It is preferable that, in a tenth embodiment of a flux collection system according to present invention, the flux of said ambient gas is removed, which is sucked by a suction device provided in a first buffering area between an inlet and a heating chamber of the reflow furnace.
It is preferable that, in a eleventh embodiment of a flux collection system according to present invention, the flux of said ambient gas is removed, which is sucked by a suction device provided in a second buffering area between a heating chamber and a cooling chamber of the reflow furnace.
It is preferable that, in a twelfth embodiment of a flux collection system according to present invention, the flux of said ambient gas is removed, which is sucked by a suction device provided in a third buffering area between an outlet and a cooling chamber of the reflow furnace.
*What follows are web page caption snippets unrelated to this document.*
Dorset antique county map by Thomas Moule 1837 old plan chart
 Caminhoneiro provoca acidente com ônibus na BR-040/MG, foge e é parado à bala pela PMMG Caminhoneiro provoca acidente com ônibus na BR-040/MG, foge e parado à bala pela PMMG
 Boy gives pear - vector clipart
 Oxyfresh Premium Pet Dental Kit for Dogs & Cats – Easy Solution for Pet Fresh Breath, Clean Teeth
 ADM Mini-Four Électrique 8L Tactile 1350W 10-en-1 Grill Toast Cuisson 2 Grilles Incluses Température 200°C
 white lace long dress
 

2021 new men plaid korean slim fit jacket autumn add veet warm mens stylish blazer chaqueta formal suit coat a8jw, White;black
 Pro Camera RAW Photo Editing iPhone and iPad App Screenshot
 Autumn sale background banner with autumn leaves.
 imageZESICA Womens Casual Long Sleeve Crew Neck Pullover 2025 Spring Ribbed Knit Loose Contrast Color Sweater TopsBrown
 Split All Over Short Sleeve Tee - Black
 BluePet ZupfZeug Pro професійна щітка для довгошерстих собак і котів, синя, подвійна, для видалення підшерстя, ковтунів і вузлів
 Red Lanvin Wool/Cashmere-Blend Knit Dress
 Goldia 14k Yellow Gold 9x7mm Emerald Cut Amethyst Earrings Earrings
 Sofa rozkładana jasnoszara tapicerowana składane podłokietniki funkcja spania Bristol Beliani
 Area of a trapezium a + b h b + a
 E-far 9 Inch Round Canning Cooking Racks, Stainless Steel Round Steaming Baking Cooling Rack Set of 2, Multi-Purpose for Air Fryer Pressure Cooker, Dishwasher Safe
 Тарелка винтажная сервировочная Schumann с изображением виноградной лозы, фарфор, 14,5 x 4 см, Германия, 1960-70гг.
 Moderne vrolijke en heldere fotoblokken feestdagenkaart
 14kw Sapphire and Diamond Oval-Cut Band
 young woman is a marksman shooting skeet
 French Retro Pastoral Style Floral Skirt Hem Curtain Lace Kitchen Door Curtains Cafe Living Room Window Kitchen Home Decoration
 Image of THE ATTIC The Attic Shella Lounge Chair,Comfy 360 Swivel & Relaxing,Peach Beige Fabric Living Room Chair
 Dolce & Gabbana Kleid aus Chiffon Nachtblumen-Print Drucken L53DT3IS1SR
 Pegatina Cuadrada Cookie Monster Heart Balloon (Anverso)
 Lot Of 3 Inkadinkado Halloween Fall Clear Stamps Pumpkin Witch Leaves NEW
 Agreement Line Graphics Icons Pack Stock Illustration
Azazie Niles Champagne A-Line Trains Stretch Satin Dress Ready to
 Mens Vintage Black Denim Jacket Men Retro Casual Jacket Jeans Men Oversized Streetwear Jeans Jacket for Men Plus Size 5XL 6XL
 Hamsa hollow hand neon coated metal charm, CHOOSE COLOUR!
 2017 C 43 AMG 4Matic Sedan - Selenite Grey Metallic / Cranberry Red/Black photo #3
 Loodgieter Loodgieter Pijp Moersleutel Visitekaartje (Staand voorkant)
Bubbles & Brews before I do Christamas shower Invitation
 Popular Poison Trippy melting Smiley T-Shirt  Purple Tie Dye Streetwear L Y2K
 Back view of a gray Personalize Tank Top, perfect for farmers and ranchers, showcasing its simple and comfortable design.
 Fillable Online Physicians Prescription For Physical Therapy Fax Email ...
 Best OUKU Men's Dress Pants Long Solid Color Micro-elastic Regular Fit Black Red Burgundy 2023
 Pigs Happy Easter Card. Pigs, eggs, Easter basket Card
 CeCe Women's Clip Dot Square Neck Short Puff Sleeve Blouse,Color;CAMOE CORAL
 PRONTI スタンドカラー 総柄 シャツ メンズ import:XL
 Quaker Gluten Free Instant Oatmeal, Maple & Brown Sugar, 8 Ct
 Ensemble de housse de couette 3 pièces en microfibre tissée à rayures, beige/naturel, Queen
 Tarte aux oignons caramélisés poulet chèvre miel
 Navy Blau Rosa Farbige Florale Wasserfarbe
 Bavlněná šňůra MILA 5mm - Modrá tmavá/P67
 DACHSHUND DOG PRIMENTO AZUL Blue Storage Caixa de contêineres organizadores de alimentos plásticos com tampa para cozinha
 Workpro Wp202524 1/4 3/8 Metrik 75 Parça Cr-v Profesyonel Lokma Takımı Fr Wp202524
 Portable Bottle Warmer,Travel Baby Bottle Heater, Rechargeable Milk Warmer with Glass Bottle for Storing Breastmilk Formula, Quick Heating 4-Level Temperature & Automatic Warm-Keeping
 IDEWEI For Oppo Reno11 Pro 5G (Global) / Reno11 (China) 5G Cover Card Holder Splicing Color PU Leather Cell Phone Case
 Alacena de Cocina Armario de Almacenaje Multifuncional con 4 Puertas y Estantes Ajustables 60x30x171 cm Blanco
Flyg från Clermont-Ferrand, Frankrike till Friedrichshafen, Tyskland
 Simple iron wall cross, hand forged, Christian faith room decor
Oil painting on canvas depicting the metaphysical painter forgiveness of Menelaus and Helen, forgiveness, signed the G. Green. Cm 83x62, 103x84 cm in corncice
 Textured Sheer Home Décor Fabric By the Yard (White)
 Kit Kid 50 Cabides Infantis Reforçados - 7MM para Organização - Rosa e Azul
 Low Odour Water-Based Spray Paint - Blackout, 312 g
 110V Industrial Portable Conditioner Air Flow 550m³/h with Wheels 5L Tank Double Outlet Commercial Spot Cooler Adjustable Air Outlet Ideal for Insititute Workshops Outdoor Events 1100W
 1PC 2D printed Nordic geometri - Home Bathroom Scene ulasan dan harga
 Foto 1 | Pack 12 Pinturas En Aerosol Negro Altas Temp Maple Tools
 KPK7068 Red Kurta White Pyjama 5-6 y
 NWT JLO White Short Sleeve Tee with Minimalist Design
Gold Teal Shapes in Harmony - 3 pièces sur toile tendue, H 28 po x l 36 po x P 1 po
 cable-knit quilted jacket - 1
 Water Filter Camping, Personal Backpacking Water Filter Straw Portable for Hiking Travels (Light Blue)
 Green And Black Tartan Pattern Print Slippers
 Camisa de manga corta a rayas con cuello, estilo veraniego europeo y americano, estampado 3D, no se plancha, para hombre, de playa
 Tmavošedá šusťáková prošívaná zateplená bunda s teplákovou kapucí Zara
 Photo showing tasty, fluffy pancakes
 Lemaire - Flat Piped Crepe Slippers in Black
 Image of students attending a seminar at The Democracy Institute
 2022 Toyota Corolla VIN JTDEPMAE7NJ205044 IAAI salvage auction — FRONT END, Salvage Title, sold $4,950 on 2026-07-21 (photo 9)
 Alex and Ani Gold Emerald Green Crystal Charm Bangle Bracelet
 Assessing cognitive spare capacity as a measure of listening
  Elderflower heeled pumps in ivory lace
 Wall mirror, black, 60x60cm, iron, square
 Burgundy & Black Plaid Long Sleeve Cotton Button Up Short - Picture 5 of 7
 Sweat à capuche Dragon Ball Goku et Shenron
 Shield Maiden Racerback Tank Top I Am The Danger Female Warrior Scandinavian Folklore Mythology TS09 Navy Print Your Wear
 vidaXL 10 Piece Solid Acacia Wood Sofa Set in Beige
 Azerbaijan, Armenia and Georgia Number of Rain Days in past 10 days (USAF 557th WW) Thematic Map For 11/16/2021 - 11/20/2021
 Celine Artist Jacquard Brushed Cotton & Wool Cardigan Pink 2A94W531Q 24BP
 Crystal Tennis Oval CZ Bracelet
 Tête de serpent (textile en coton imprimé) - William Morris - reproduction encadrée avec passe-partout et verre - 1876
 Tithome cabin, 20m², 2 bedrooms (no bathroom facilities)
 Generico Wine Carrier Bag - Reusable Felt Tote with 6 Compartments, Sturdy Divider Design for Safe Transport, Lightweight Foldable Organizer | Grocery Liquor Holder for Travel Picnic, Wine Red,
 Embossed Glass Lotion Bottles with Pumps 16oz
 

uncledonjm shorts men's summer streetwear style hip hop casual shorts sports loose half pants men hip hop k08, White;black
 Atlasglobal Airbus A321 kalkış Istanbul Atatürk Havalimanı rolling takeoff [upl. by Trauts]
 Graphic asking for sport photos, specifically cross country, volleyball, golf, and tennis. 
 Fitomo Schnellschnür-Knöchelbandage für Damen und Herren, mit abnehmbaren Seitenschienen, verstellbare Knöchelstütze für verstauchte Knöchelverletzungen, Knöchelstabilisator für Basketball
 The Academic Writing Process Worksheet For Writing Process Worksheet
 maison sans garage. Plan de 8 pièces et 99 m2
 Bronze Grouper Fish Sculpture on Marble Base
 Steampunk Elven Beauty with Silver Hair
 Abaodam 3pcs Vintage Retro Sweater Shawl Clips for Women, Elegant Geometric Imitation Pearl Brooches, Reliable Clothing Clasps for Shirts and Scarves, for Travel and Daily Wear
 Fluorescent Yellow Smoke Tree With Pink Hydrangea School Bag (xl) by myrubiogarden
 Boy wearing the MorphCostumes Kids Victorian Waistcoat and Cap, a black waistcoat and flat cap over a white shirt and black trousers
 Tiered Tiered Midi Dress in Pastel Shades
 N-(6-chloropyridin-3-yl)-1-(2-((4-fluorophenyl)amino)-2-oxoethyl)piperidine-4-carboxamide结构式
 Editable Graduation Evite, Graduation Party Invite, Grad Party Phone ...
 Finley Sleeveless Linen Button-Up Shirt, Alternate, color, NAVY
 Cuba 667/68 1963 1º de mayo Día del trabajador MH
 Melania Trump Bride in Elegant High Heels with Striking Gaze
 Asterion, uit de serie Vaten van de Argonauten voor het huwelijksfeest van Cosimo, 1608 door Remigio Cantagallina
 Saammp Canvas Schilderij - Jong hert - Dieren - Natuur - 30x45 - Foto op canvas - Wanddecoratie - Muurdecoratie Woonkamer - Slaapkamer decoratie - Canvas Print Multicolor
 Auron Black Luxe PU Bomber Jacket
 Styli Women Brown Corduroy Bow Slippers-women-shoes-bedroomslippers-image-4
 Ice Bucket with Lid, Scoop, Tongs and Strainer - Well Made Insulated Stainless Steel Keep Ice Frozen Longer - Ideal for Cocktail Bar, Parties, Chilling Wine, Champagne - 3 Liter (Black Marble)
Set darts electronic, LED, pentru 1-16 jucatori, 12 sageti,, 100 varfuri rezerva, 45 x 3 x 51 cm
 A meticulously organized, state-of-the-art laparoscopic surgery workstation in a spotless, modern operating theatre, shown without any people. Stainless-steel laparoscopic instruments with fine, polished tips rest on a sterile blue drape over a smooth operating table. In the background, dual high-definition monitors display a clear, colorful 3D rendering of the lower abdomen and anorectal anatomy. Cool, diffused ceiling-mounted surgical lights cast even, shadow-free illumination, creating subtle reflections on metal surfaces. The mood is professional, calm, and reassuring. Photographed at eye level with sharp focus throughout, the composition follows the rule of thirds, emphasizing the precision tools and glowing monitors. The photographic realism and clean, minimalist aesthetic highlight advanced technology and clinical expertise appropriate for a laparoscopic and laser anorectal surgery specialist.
BRIEF DESCRIPTION OF THE DRAWINGS

The above and other objects and features of the invention will appear more fully hereinafter from a consideration of the following description taken in connection with the accompanying drawing wherein one example is illustrated by way of example, in which;
FIG. 1 is an overall view showing a reflow furnace according to the first embodiment of the present invention;
FIG. 2 is a sectional view showing a reflow furnace at the first buffering area according to the first embodiment of the present invention;
FIG. 3(a) is a view showing a configuration of a suction device for ambient gas according to the embodiments of the present invention, FIG. 3(b) is a sectional view of FIG. 3(a), FIG. 3(c) is a bottom view of FIG. 3(a);
FIG. 4(a) is a view showing a configuration of a flux collection system according to the first embodiment of the present invention, FIG. 4(b) is a sectional view of FIG. 4(a);
FIG. 5(a) is a view showing a configuration of a flux collection system according to the first embodiment of the present invention, FIG. 5(b) is a sectional view of FIG. 5(a);
FIG. 6(a) is a sectional view showing a flux collection system equipped with a narrowing mechanism according to another embodiment of the present invention, FIG. 6(b) and FIG. 6(c) are top views of a narrowing mechanism;
FIG. 7(a) and FIG. 7(b) are views showing other embodiments of a narrowing mechanism and a partition plate;
FIG. 8 is a view showing a configuration of a flux collection system according to the third embodiment of the present invention;
FIG. 9 is an overall view showing configuration of a flux collection system according to the fourth embodiment of the present invention;
FIG. 10 is an overall view showing a reflow furnace according to the fifth embodiment of the present invention;
FIG. 11 is an overall view showing a reflow furnace according to the conventional art;
FIG. 12 is a sectional view showing a reflow furnace according to the conventional art; and
FIG. 13 is a view showing a configuration of a flux collection system according to the conventional art.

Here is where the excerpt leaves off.